Before continuing, it is noted that the exemplary systems discussed above are provided for purposes of illustration. Still other implementations are also contemplated. It is also noted that the exemplary program code described herein is illustrative of suitable program code which may be implemented for filtering broadcast recipients in a multiprocessing environment, and it is not intended to be limiting.
In operation 410, the method includes receiving a message generated in the multiprocessing environment at a management agent. The message may be received at the management agent from a processing unit, or the message may be received from an I/O chip. In either case, the message may be received at the management agent via one or more QPI link and a CPI.
In operation 420, the method includes determining which components in the multiprocessing environment already received the message. In an exemplary embodiment, the management agent may maintain a list of all components in the multiprocessing environment. The list may identify which components in the multiprocessing environment are directly connected to one another and therefore already received the message. In another exemplary embodiment, the management agent may identify QPI islands in the multiprocessing environment, wherein it is known that all components in each QPI island receive the message from directly from a component in that QPI island generating the message.

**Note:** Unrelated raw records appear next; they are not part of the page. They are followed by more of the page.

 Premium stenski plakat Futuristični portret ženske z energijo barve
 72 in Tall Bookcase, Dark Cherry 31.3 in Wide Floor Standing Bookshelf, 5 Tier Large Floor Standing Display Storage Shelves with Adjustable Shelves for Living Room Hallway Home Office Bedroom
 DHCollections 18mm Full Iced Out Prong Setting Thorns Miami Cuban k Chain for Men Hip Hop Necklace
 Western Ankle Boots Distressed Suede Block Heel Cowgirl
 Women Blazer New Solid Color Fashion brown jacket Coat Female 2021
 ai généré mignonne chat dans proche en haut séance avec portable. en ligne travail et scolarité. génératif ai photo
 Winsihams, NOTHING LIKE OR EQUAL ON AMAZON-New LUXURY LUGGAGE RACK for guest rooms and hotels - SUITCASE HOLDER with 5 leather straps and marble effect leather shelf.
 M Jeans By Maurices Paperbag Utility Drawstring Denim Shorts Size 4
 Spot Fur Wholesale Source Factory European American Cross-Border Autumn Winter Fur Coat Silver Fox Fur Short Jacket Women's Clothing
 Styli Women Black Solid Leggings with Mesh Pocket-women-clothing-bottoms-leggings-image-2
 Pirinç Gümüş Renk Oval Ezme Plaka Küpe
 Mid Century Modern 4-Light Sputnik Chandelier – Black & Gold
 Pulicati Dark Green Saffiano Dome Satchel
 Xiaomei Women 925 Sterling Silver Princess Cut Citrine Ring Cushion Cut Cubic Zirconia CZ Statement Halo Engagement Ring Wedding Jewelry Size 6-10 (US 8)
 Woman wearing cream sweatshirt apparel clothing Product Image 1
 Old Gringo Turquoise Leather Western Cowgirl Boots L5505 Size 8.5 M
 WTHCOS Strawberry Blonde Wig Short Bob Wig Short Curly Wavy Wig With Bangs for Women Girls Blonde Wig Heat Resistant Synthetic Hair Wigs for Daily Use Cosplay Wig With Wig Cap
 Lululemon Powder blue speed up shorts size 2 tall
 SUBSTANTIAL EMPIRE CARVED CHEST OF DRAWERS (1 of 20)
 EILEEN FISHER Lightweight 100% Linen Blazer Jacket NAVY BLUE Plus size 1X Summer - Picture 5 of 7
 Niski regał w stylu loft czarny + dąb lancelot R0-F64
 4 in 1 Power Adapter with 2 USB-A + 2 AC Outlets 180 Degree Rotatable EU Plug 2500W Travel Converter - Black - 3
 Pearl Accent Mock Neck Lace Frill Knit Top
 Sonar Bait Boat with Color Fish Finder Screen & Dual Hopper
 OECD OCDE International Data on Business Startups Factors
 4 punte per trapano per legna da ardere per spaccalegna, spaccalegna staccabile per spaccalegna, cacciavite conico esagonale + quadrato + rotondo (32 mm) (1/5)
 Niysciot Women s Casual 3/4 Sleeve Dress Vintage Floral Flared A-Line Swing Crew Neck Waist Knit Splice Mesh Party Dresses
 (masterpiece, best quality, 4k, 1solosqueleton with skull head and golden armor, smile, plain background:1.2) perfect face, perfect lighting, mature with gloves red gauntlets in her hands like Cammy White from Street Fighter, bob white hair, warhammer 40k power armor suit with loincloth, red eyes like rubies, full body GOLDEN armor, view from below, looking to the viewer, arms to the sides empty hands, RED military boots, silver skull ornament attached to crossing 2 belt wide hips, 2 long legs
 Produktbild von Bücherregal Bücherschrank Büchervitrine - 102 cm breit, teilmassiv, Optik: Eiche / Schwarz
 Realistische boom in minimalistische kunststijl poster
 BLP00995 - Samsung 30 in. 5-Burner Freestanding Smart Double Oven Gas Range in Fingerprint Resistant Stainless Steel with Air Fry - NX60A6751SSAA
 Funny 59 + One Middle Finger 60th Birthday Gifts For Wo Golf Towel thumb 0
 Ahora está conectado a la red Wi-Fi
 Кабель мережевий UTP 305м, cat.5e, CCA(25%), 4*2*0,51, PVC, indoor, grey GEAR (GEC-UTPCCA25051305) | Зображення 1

In operation 430, the method includes forwarding the message to only those components in the multiprocessing environment which did not already receive the message.
The operations shown and described herein are provided to illustrate exemplary embodiments of filtering broadcast recipients in a multiprocessing environment. It is noted that the operations are not limited to the ordering shown. For example, operations may be reversed or executed simultaneously. Still other operations may also be implemented.
In addition to the specific embodiments explicitly set forth herein, other aspects and implementations will be apparent to those skilled in the art from consideration of the specification disclosed herein. It is intended that the specification and illustrated implementations be considered as examples only, with a true scope and spirit of the following claims.